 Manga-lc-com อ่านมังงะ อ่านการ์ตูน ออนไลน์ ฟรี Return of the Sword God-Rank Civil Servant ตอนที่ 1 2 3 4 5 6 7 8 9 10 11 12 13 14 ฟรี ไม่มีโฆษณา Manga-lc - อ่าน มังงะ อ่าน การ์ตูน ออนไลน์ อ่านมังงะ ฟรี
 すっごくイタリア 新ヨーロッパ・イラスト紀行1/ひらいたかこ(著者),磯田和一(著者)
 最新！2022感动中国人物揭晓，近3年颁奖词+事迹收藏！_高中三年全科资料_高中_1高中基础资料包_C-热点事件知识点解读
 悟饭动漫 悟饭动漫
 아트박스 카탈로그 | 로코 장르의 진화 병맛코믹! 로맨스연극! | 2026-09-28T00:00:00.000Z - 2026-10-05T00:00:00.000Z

==

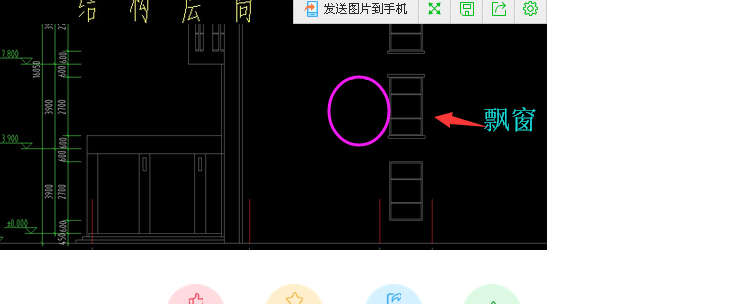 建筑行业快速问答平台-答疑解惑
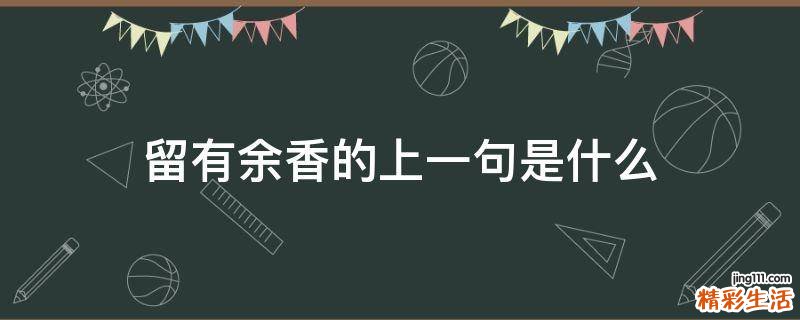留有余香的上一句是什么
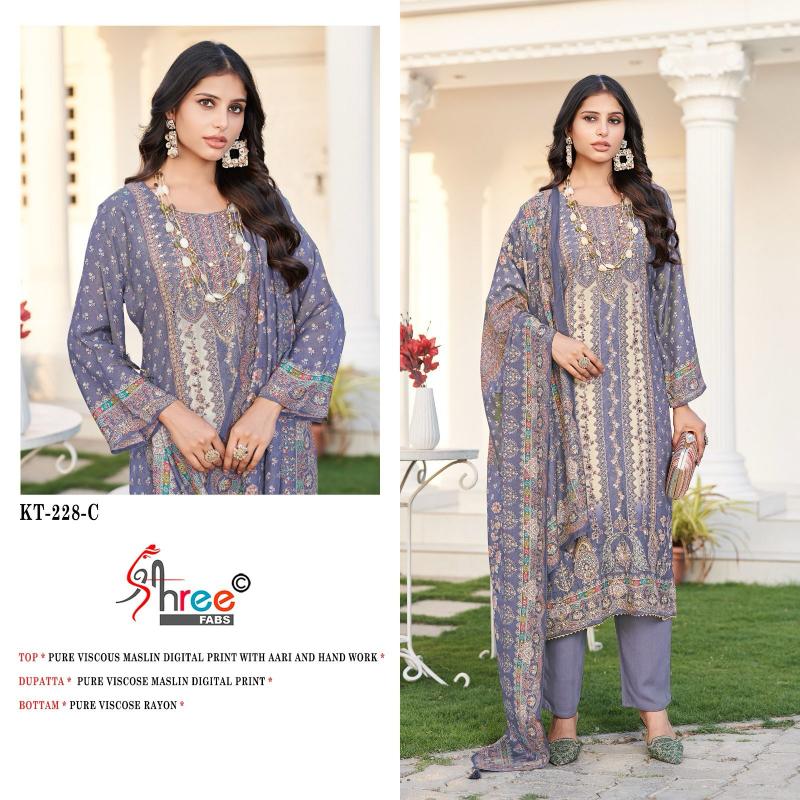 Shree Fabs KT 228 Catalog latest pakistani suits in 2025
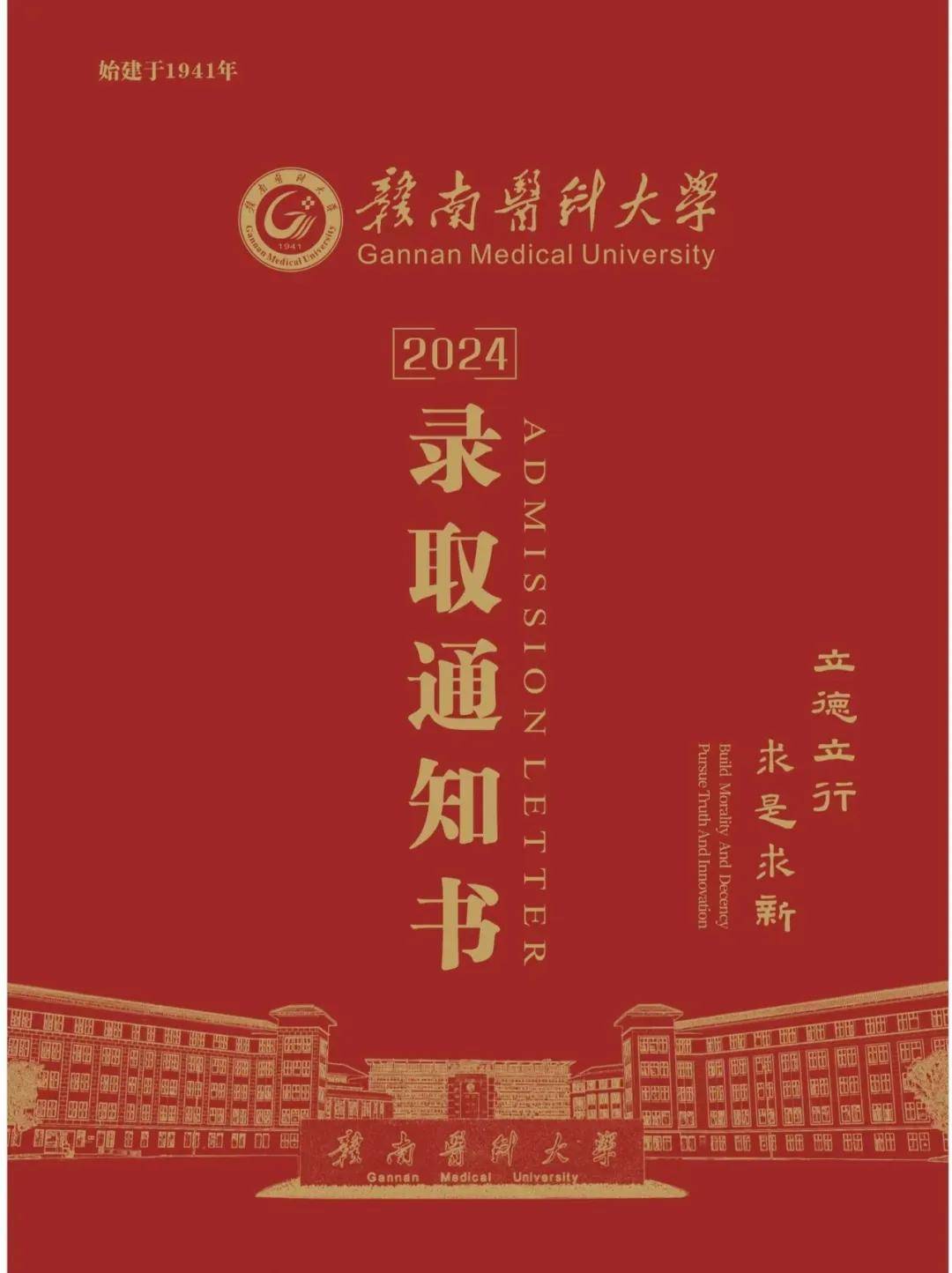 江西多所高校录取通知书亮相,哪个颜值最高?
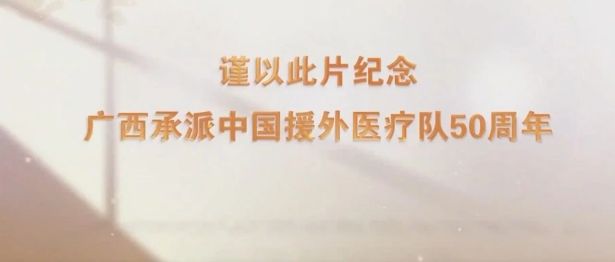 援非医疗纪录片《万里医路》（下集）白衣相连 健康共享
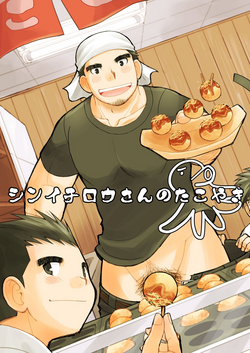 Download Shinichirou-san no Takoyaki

---

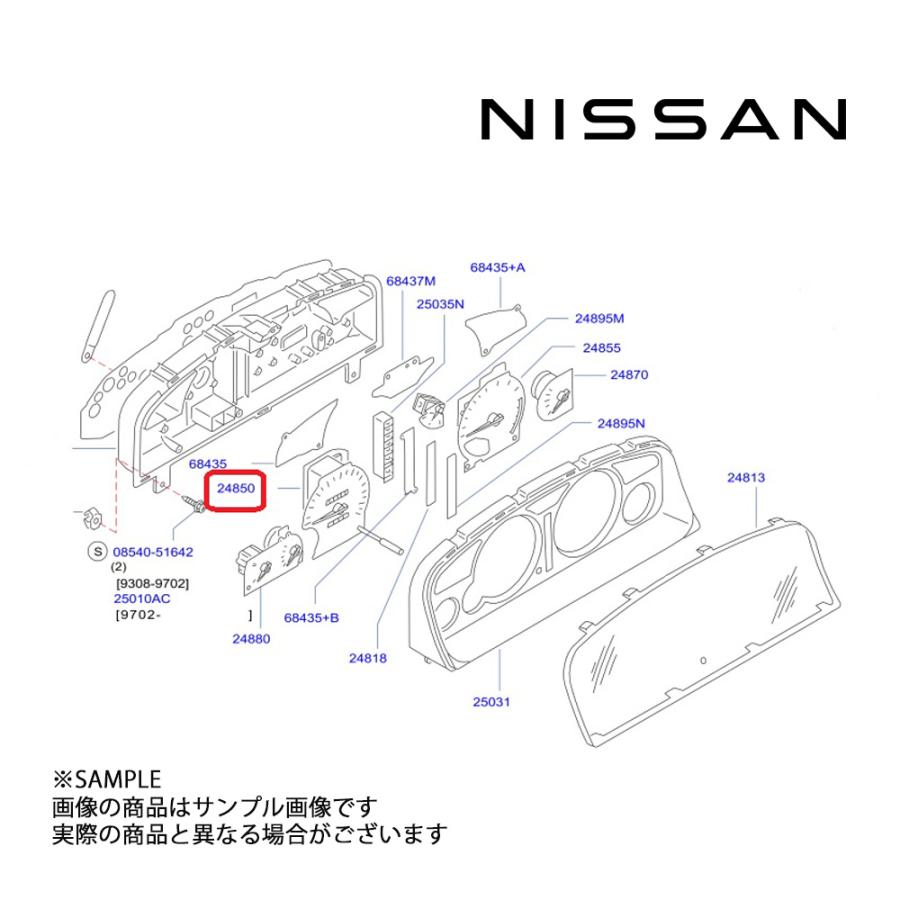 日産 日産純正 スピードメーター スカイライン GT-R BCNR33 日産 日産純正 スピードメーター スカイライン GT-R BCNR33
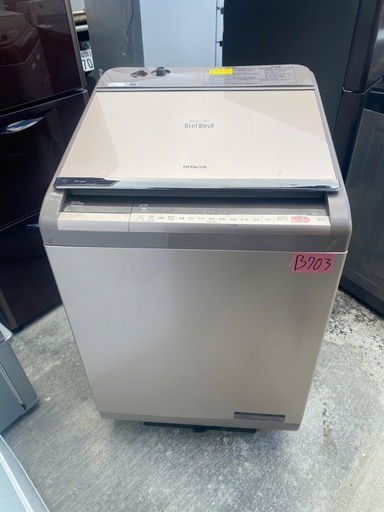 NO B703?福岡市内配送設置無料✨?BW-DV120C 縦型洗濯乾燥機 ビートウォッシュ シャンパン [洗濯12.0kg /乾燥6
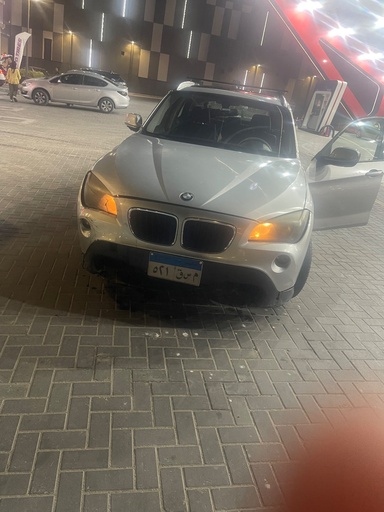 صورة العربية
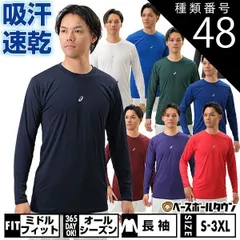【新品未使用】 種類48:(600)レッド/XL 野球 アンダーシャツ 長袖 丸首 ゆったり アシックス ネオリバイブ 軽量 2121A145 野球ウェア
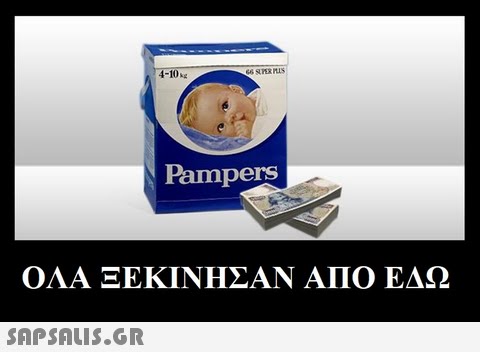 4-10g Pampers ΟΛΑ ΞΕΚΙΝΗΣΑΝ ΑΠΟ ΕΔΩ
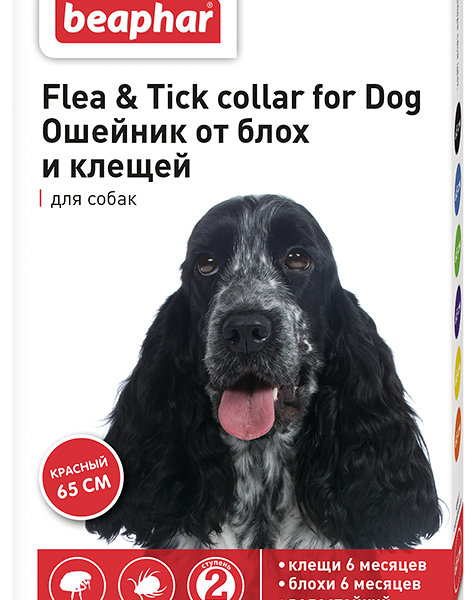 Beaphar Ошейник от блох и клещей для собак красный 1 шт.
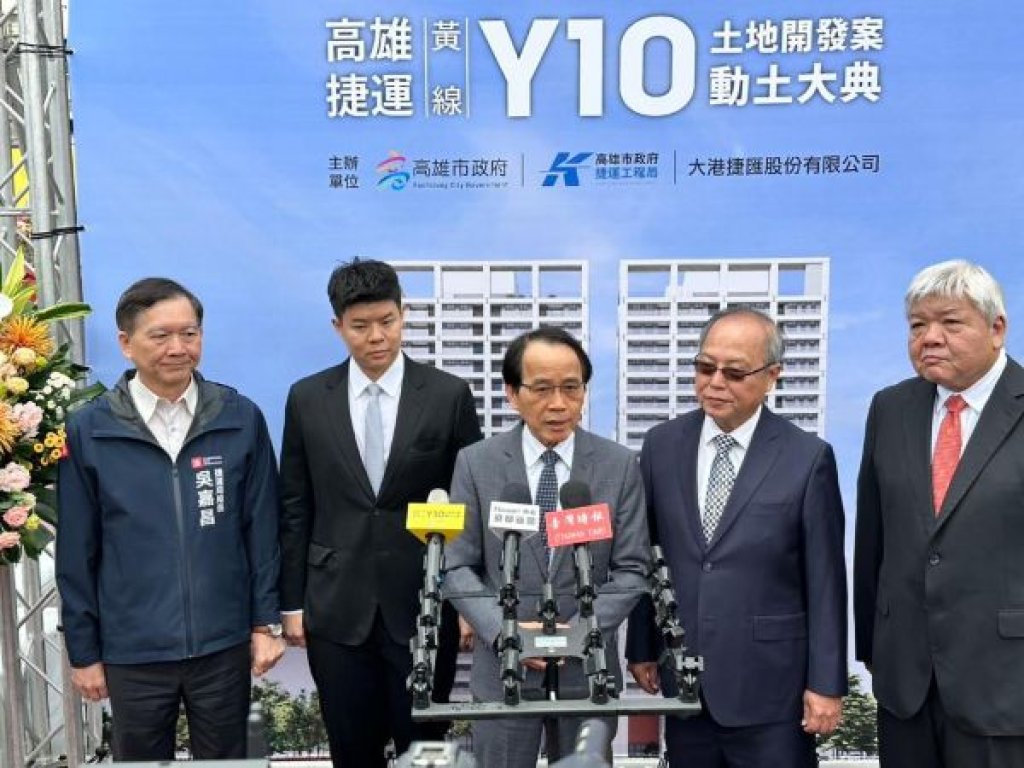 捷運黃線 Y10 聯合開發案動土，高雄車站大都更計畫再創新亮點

## TASK DIRECTIONS:
Among the entries above, the lines between the ones containing "すっごくイタリア 新ヨーロッ" and "아트박스 카탈로그 |", inclusive, are to be transcribed exactly. No other line is to be given.

## YOUR RESPONSE:
 すっごくイタリア 新ヨーロッパ・イラスト紀行1/ひらいたかこ(著者),磯田和一(著者)
 最新！2022感动中国人物揭晓，近3年颁奖词+事迹收藏！_高中三年全科资料_高中_1高中基础资料包_C-热点事件知识点解读
 悟饭动漫 悟饭动漫
 아트박스 카탈로그 | 로코 장르의 진화 병맛코믹! 로맨스연극! | 2026-09-28T00:00:00.000Z - 2026-10-05T00:00:00.000Z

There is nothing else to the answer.